The problem: Return every record below exactly; leave out the images.

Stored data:
● ● ● ●

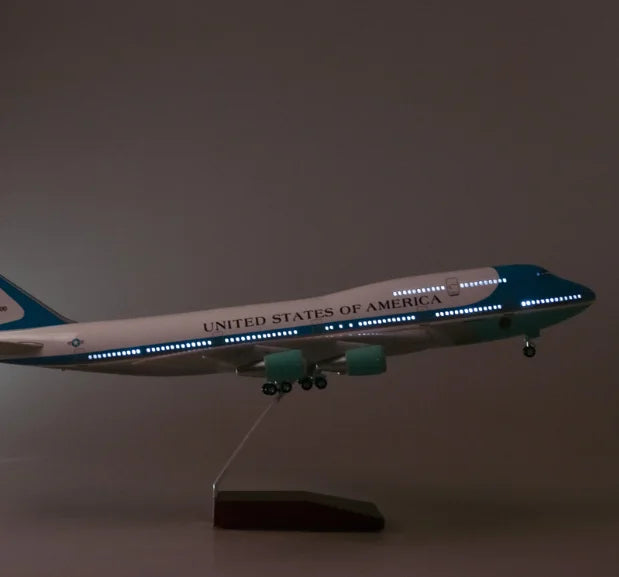 Wholesale 47cm 1:150 Diecast Airplanes Model Boeing B747 Plane Model ASIANA 747 Airplane Aircraft Toy Kids Gift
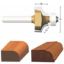 Picture of Router Bit, Carbide Tip, Roundover 1-1/2"D, 1/4 Shank,1/2" Radius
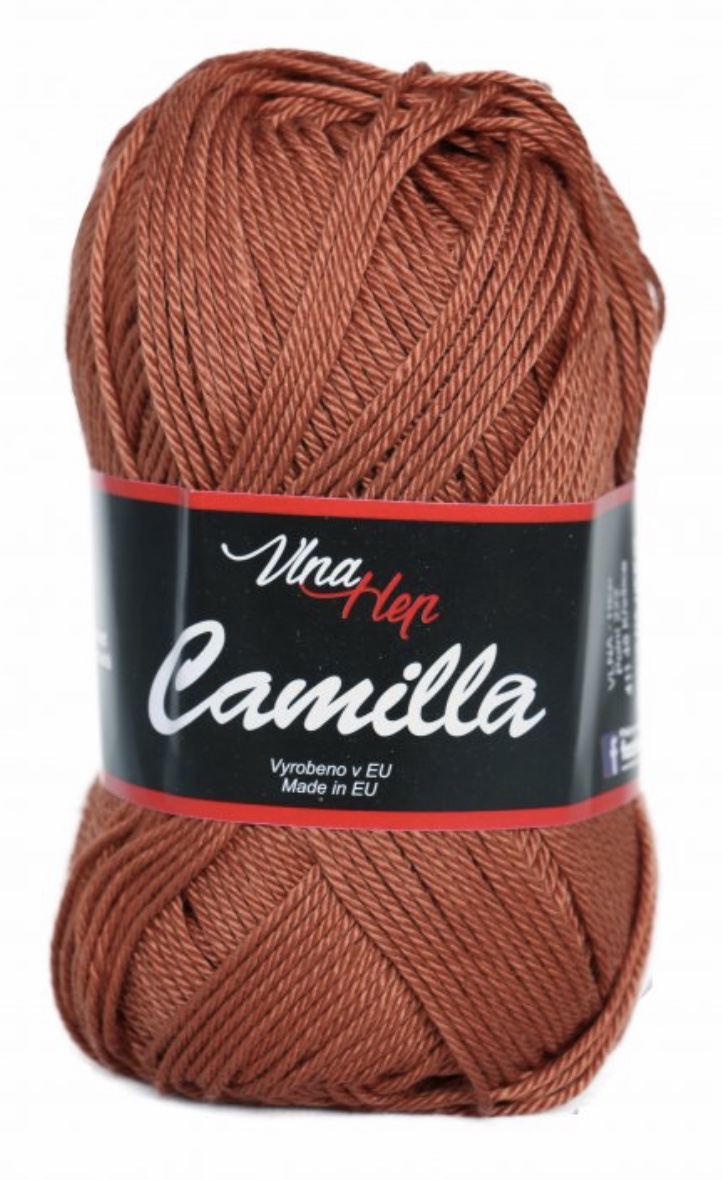 Příze Camilla hnědorezavá 8211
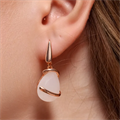 Серьги длинные с крупным камнем Каталог >> Бижутерия >> Ювелирная бижутерия коллекция "Дубай", покрытие позолота, вставка: стекло, цвет: молочный матовый, арт.313.412 313.412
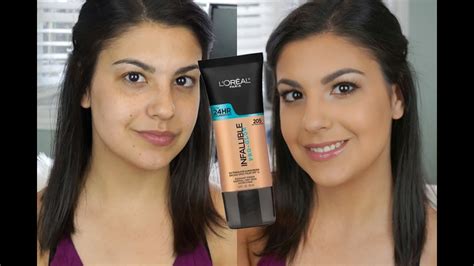 L Oreal Pro Glow Foundation Review And Demo Youtube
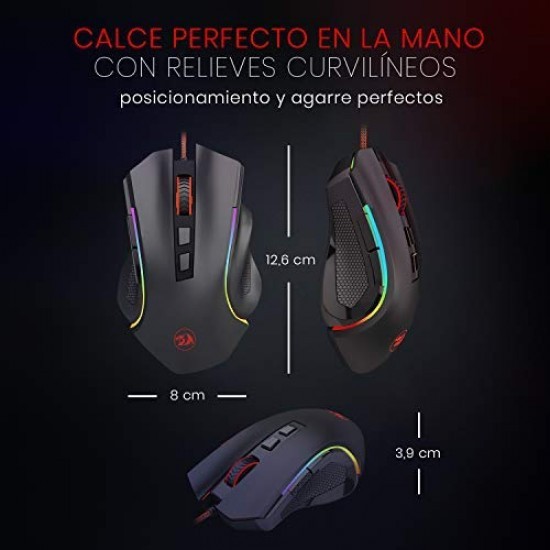 Mouse Gaming Redragon USB Wired RGB Macro M607 Griffin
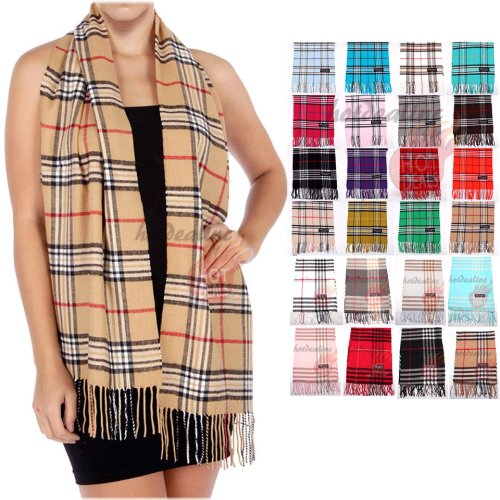 Cozy Cashmere Checkered Wrap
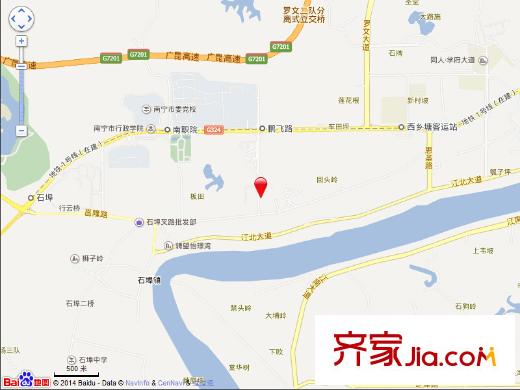 昌泰清華園交通圖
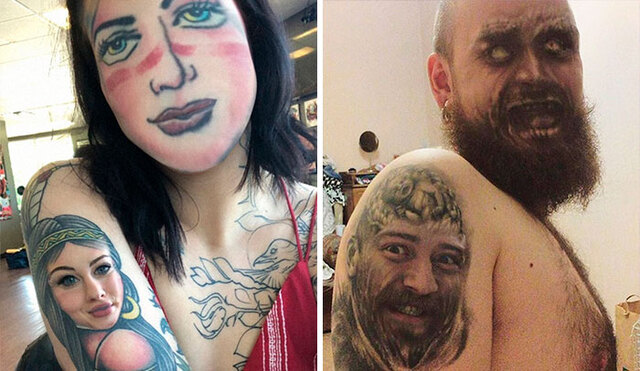 People Are Face-Swapping Tattoos On Their Body And The Results Are Kind Of Creepy (20 Pics)
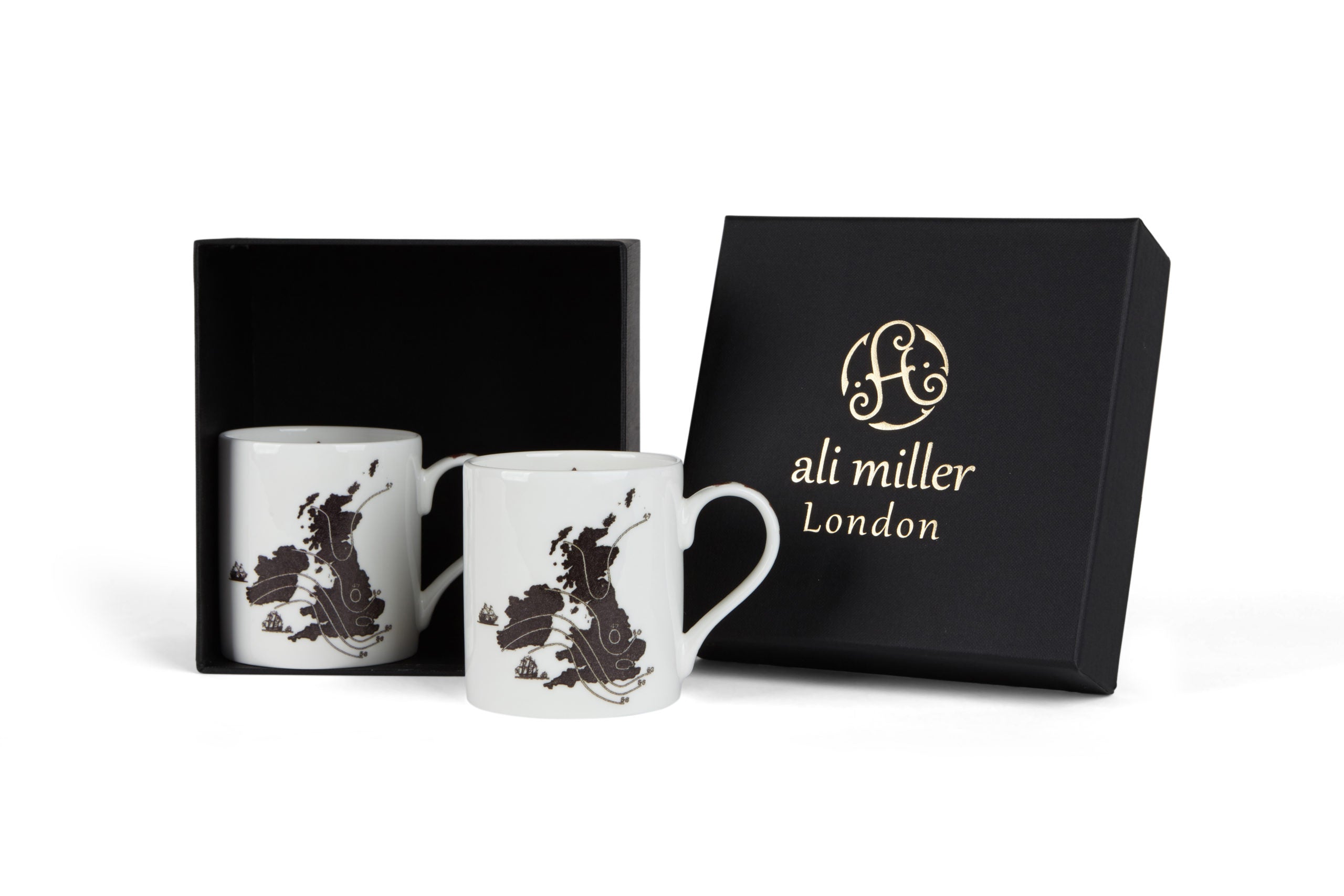 Teamap Mug Map Set of 2 Mugs – Ali Miller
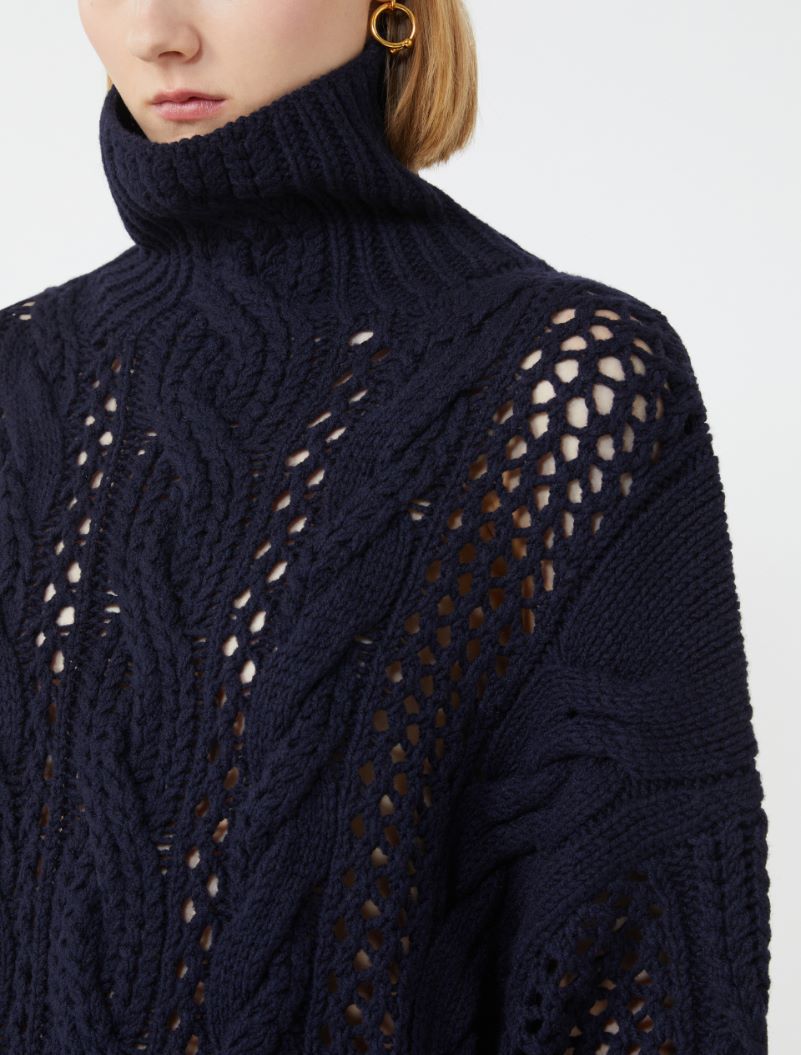 Maglia oversize con trecce - PETROLIO - Sportmax - 4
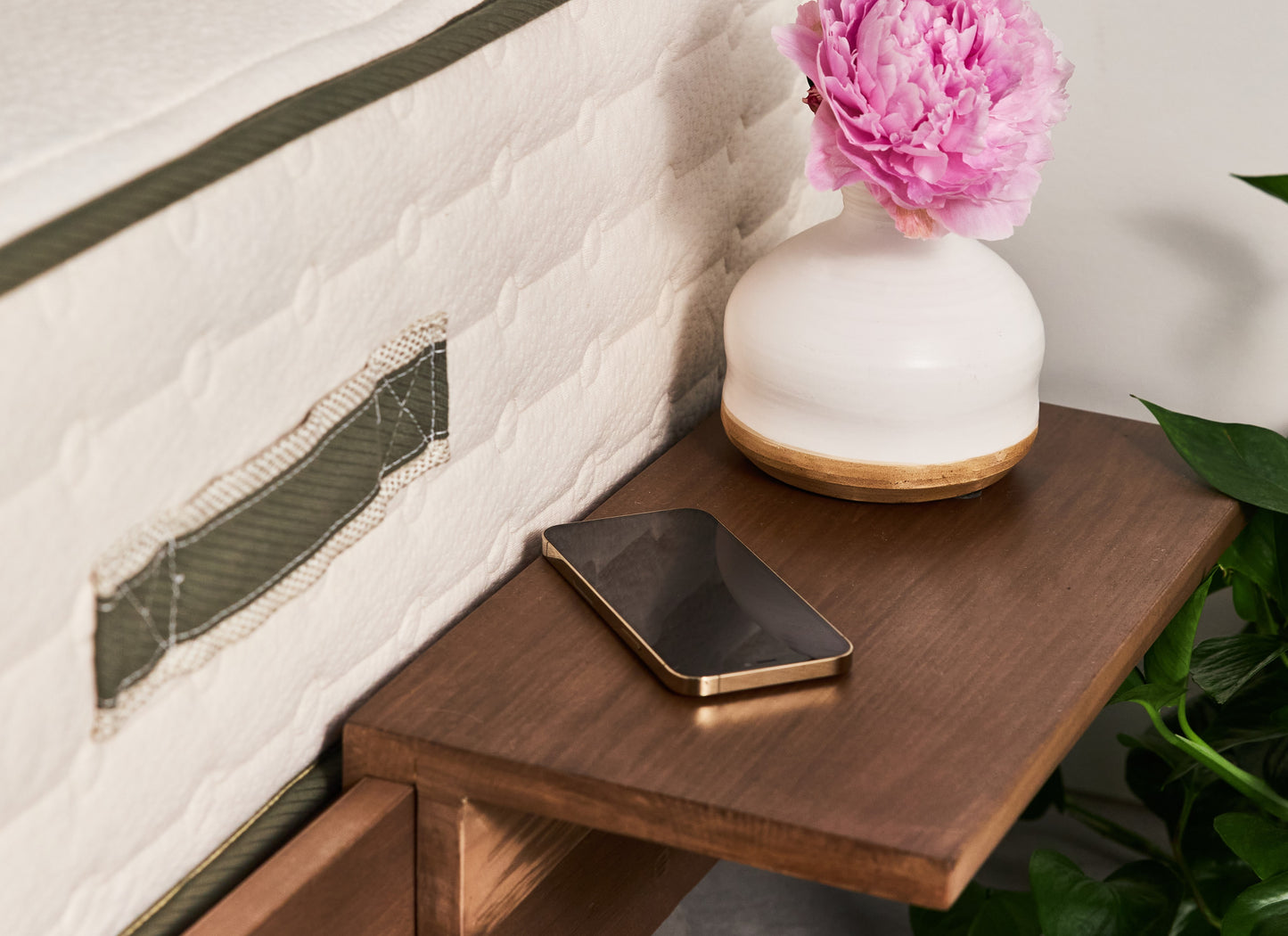 Avocado Walnut City Bed Frame with Headboard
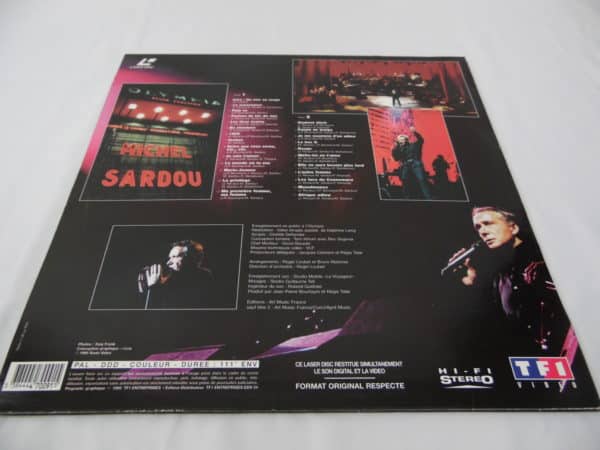 Laser disc - Sardou - Olympia 95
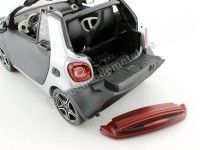 Cochesdemetal.es 2015 Smart Fortwo Cabriolet (A453) Gray / Silver 1:18 Contourneur B66960290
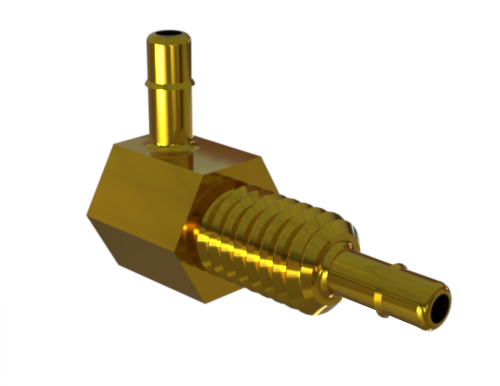 PML Series – Panel Mount Hose Barb Elbow Connectors
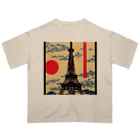 ozizousanのtokyotower8 オーバーサイズTシャツ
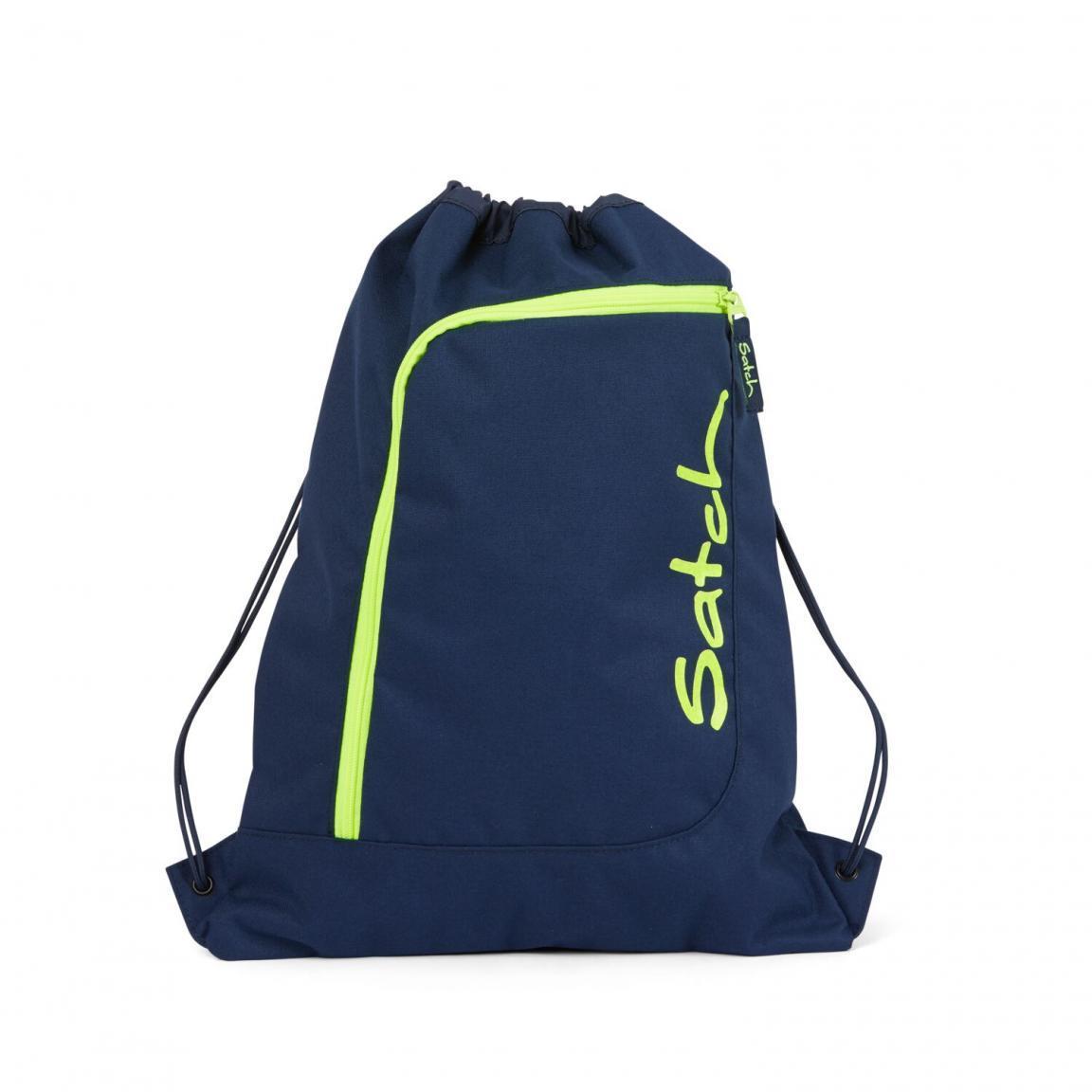 Gym Bag dunkelblau neongelb Satch Toxic Yellow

● ● ● ●

Solution:
 Wholesale 47cm 1:150 Diecast Airplanes Model Boeing B747 Plane Model ASIANA 747 Airplane Aircraft Toy Kids Gift
 Picture of Router Bit, Carbide Tip, Roundover 1-1/2"D, 1/4 Shank,1/2" Radius
 Příze Camilla hnědorezavá 8211
 Серьги длинные с крупным камнем Каталог >> Бижутерия >> Ювелирная бижутерия коллекция "Дубай", покрытие позолота, вставка: стекло, цвет: молочный матовый, арт.313.412 313.412
 L Oreal Pro Glow Foundation Review And Demo Youtube
 Mouse Gaming Redragon USB Wired RGB Macro M607 Griffin
 Cozy Cashmere Checkered Wrap
 昌泰清華園交通圖
 People Are Face-Swapping Tattoos On Their Body And The Results Are Kind Of Creepy (20 Pics)
 Teamap Mug Map Set of 2 Mugs – Ali Miller
 Maglia oversize con trecce - PETROLIO - Sportmax - 4
 Avocado Walnut City Bed Frame with Headboard
 Laser disc - Sardou - Olympia 95
 Cochesdemetal.es 2015 Smart Fortwo Cabriolet (A453) Gray / Silver 1:18 Contourneur B66960290
 PML Series – Panel Mount Hose Barb Elbow Connectors
 ozizousanのtokyotower8 オーバーサイズTシャツ
 Gym Bag dunkelblau neongelb Satch Toxic Yellow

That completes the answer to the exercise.